Buryats, a Large Nation in Russia, Fear They Are on Verge of Extinction

By Paul Goble
Not surprisingly, many of the very smallest nations now within the borders of the Russian Federation fear that they will not survive for more than a few decades. Numbering only a few thousand or even less, they feel on their own skin, as it were, the predictions of international experts that they cannot hope to survive as separate nations given the lack of support from the Russian government and the pressures of globalization.
But disturbingly, this sense of doom is infecting ever larger nations there, peoples whose numbers and institutions would seem to make them good candidates to survive well into the future. Indeed, all but the largest nations in the Russian Federation—the seven who number more than a million each—now appear to be at risk of losing first their language and then their identities in this generation or the next. This has been mainly due to Moscow’s Russification policies (see EDM, November 5, 2012; March 17, 2015; see also jamestownfoundation.blogspot.com, November 27, 2013; January 23, 2014) as well as the impact of international media and economic change.

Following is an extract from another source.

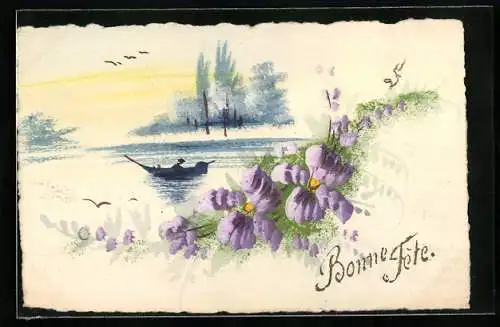 Künstler-AK Handgemalt: Uferpartie mit Boot und Blumen, Geburtstagsgruss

According to Bato Ochirov of the ARD portal, for cultural and historical reasons, Buryats are not capable of either evolutionary or revolutionary change. The first is precluded by the nature of the state in which they find themselves at present, and the second is impossible because of the nomadic past and individualistic nature of their 500,000-strong nation. Consequently, those Buryats who are most accomplished will seek their fortunes elsewhere and be assimilated; and those who remain will increasingly degrade, he suggests (ARD, September 16).
“Therefore,” he argues, “if one reflects on the prospects of the contemporary Buryat nation” and tries to study the fates of other peoples that the Buryats are “most likely to repeat,” the most obvious candidate is the Evenks. A numerically small people of the Russian North, the Evenks arose as the result of the intermixture of “several aboriginal tribes of Eastern Siberia.” Like the Buryats, the Evenks reflect three anthropological types and are involved in three distinct economic activities: reindeer herding, cattle herding and fishing.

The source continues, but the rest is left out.